_MATERIALS PROVIDED_.
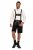JP1880 Genuine Leather Traditional Lederhosen Shorts Black - Calções - Calções Homem Tamanhos Grandes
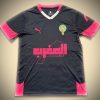 maillot-concept-maroc-edition-noir-et-rose-saison-2025-2026-tenue-de-football koszulka concept Maroko edycja czarno-różowa sezon 2025 2026 strój piłkarski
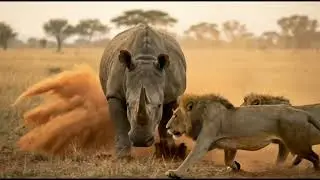 Rhino vs. Lions 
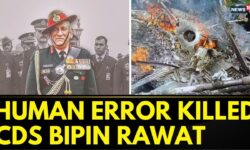 2021 Chopper Crash | 'Human Error' Behind Gen Bipin Rawat’s Helicopter Crash In 2021: IAF | News18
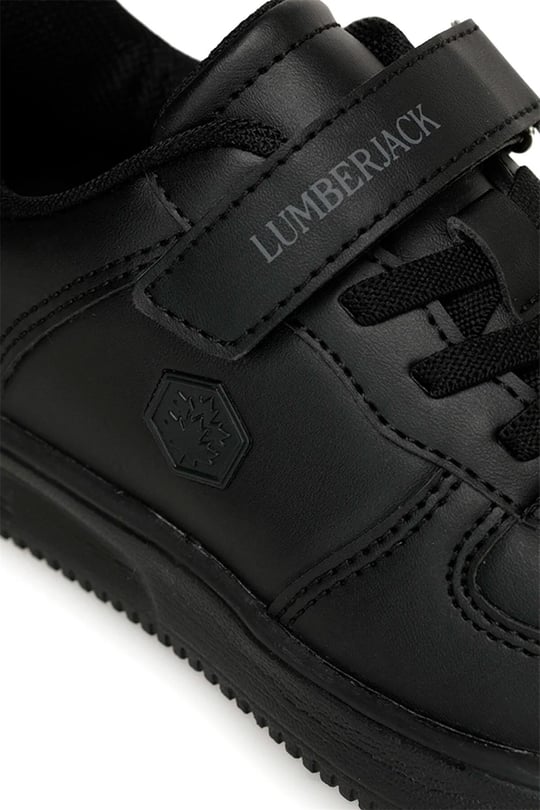 Lumberjack Unisex Çocuk Finster Spor Ayakkabı Siyah 101265931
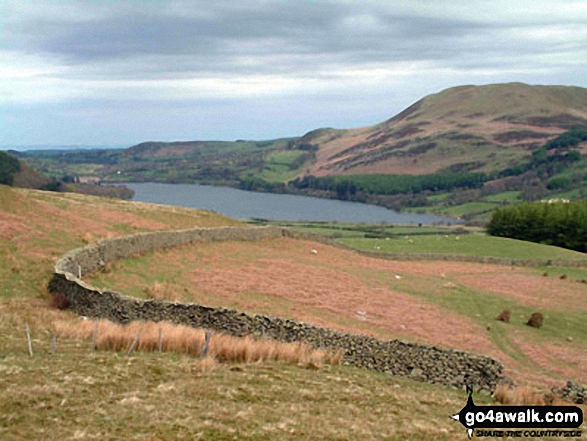 Walk c343 Pillar and Red Pike from Wasdale Head, Wast Water - Loweswater and Darling Fell (right) from Mosedale Beck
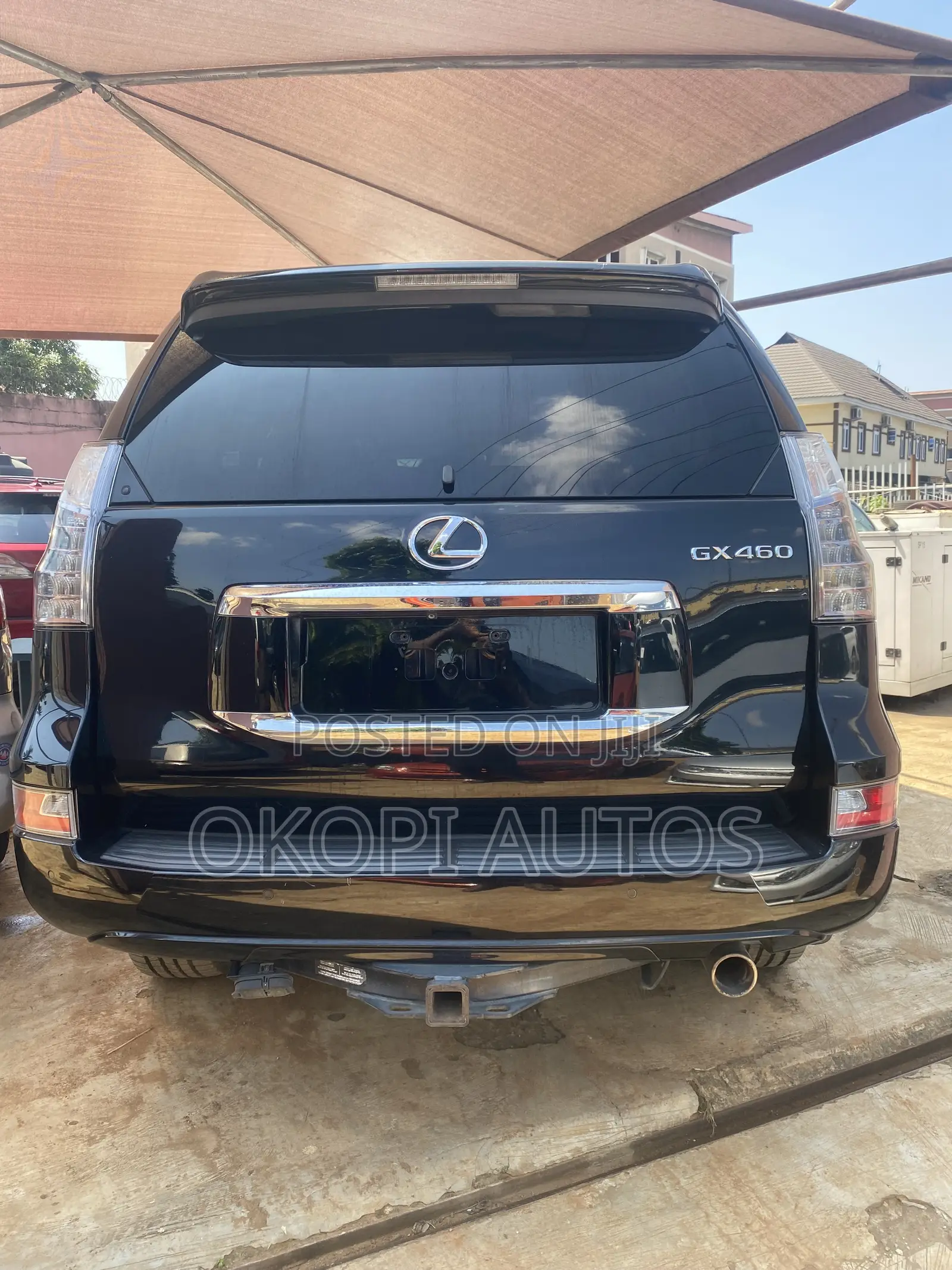 Lexus GX 2014 Black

_YOUR INSTRUCTIONS_.
Please set down every record above exactly as it appears, leaving out the pictures.

_TASK RESULT_.
JP1880 Genuine Leather Traditional Lederhosen Shorts Black - Calções - Calções Homem Tamanhos Grandes
 maillot-concept-maroc-edition-noir-et-rose-saison-2025-2026-tenue-de-football koszulka concept Maroko edycja czarno-różowa sezon 2025 2026 strój piłkarski
 Rhino vs. Lions 
 2021 Chopper Crash | 'Human Error' Behind Gen Bipin Rawat’s Helicopter Crash In 2021: IAF | News18
 Lumberjack Unisex Çocuk Finster Spor Ayakkabı Siyah 101265931
 Walk c343 Pillar and Red Pike from Wasdale Head, Wast Water - Loweswater and Darling Fell (right) from Mosedale Beck
 Lexus GX 2014 Black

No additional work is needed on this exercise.